Enough with the Eyebrows: Showing Emotion

 

63-eyes-up
Photo by Buster Benson


We hear it over and over again--show don't tell.  Don't tell us your character is angry, show it through their words, their visceral reactions, their body language.  Easy peasy, right?  Um, yeah.

 

What this ends up looking like for me is a lot of eyebrows in my first draft--they raise, waggle, arch, knit, furrow, and on and on.  I'm also a fan of crossing arms, shoving hands in pockets, throats clearing, swallowing hard, cheeks reddening, and narrowing/widening/rolling eyes.  And don't even get me started on smiling and laughing.

I know I need to change it up, and I try to do the showing more with dialogue and such, but many times you need to use expression and visceral stuff.  This has become a major focus for me because I write romance and attraction is such a whole body/mind experience.  And I don't want to resort to using the cliches--knees weakening, desire racing through veins, etc.

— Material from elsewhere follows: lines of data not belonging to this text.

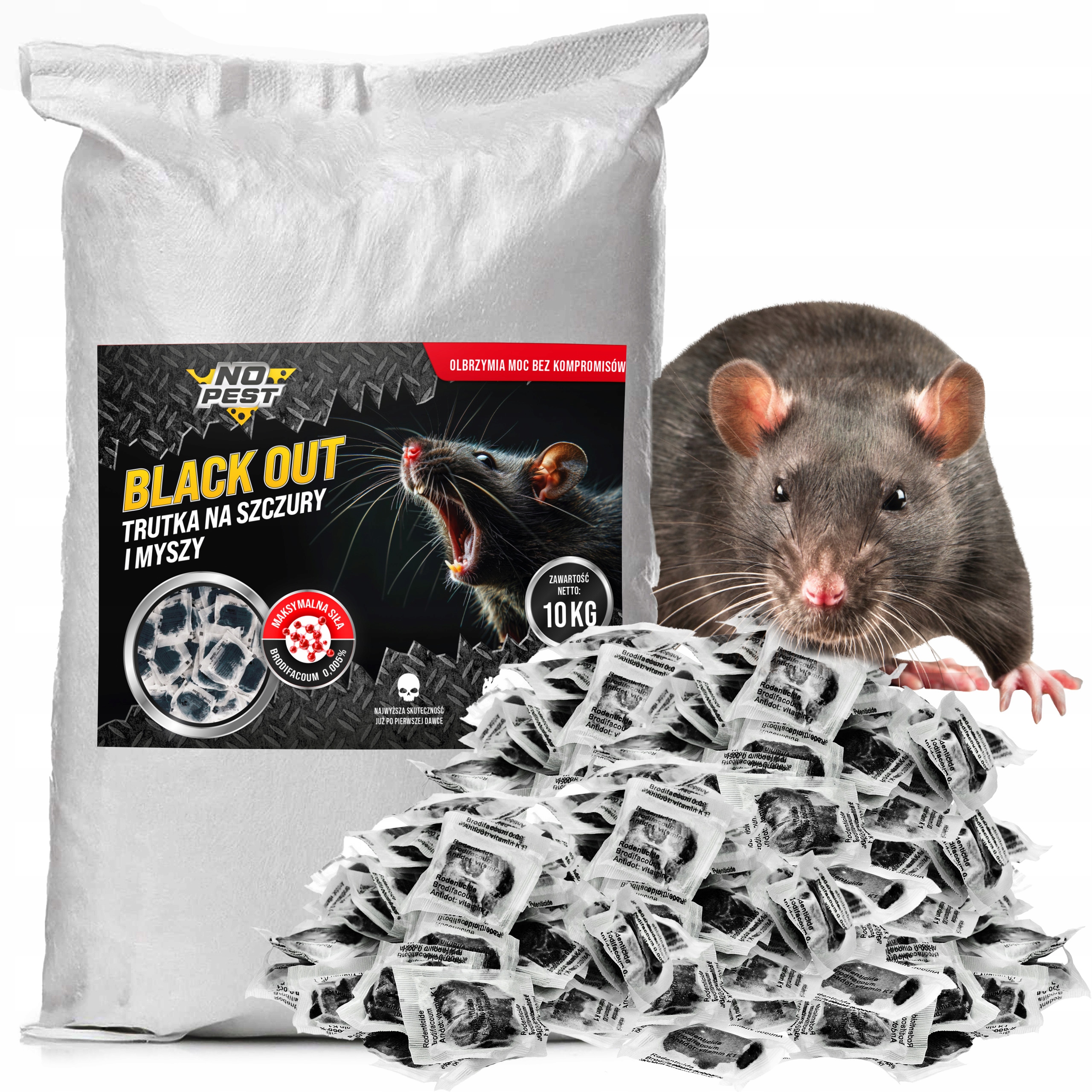Trutka Trucizna Na Szczury Myszy Gryzonie Mocna Czarna Pasta No Pest 10KG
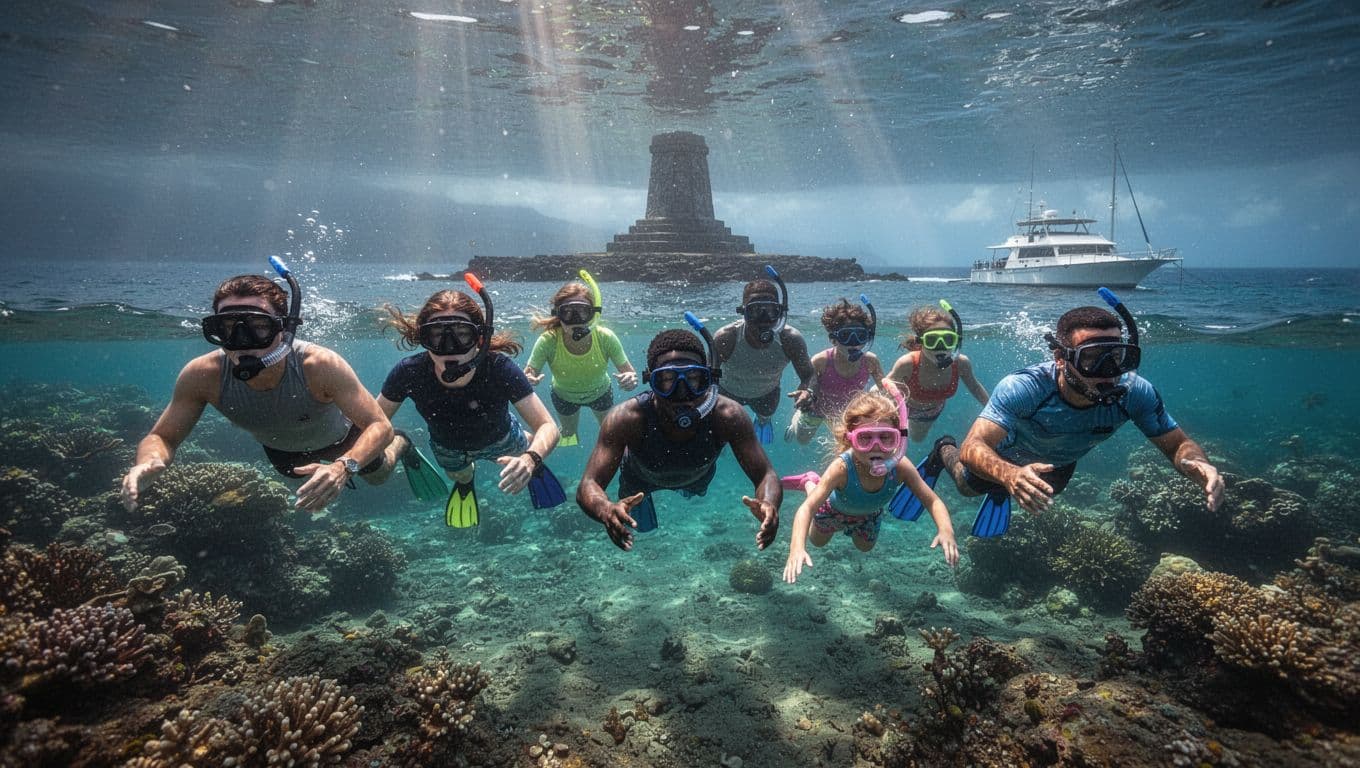 Eight snorkelers swim near coral reefs in turquoise Kealakekua Bay waters, sunlight rays filter through, monument and boat visible.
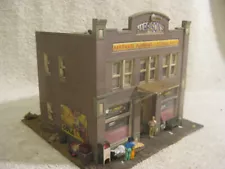 HO Scale DPM? Commercial 2 story brick Building Weathered--landscaped-detailed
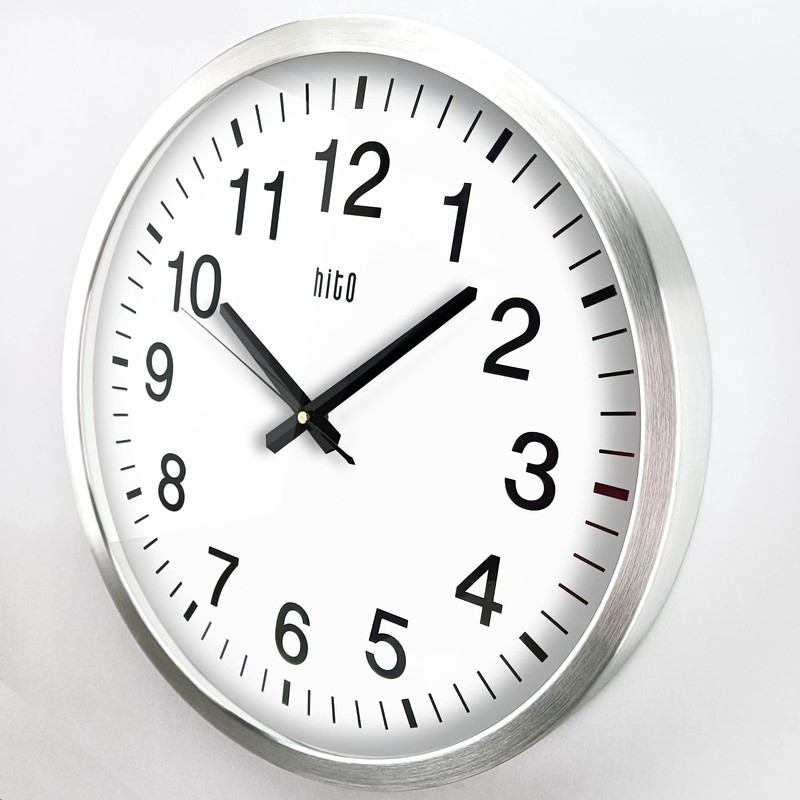 HITO 16" Silent Wall Clock Battery Operated Non Ticking Sweep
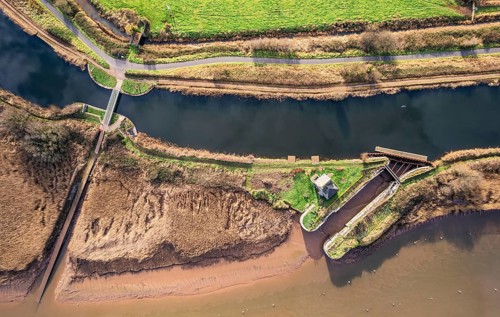 Top Down view over Water Lock and Topsham Ferry on the River Exe in Topsham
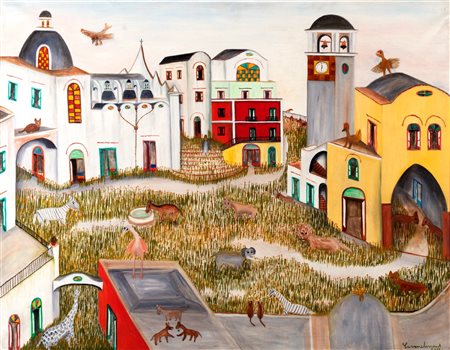 Carmelina di Capri (Capri 1920-2004)  - Piazzetta di Capri con animali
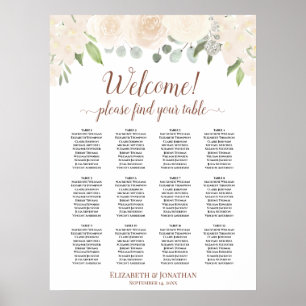 Blush Peach Roos 12 Table Wedding Seating Chart Poster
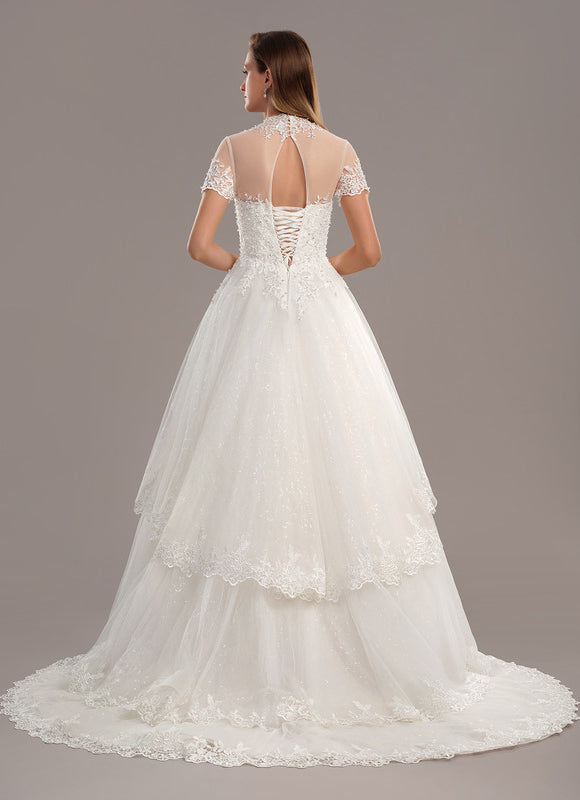 Robe De Princesse Nuptiale En Dentelle - gallery 5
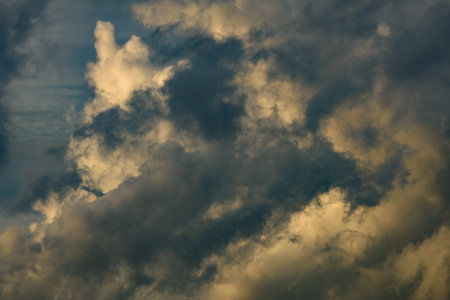 the sky is full of dense cloudsの写真素材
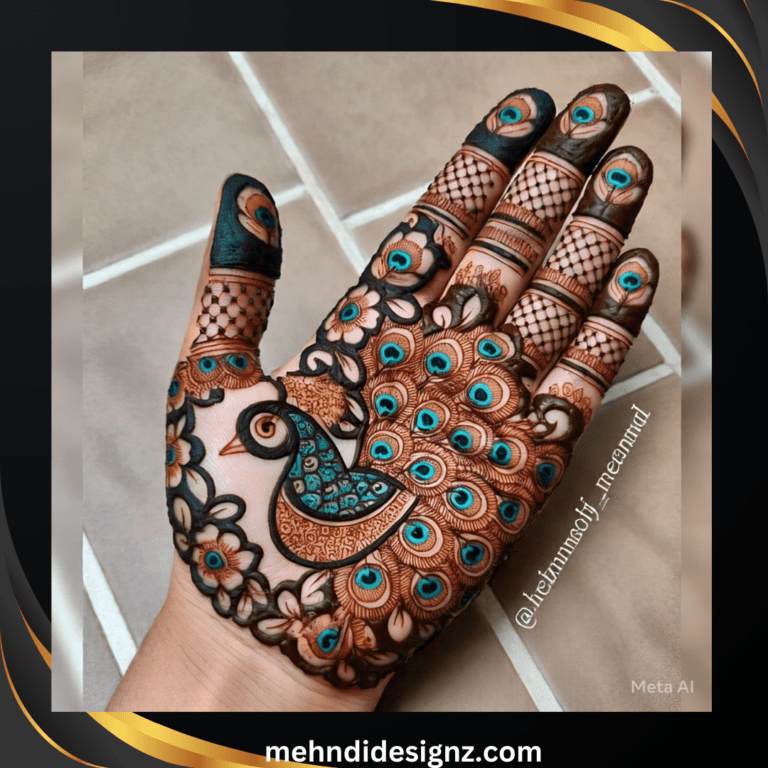 simple peacock feather mehndi design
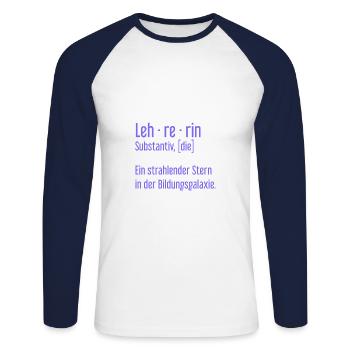 Lehrerin Lehrerinnen Schule Pädagogin Unterricht - Unisex Baseballshirt langarm - Weiß/Navy - Vorne - Nik (191cm)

So what I've started to do is as I read other's work, I keep a notebook nearby to jot down those reactions that don't automatically come to my head--bobbing Adam's apples, pupils dilating, whatever.  This has been very helpful.

BUT THEN, I went on the RWA site to start downloading my worksheets for the National Conference and found THIS.  Author Marilyn Kelly is offering an 11 Senses workshop at the conference, and although I know most of you won't be attending, the worksheets alone are gold, GOLD, people. (UPDATE: 8/2013 - These worksheets are no longer available. The only place I could find a version is here.)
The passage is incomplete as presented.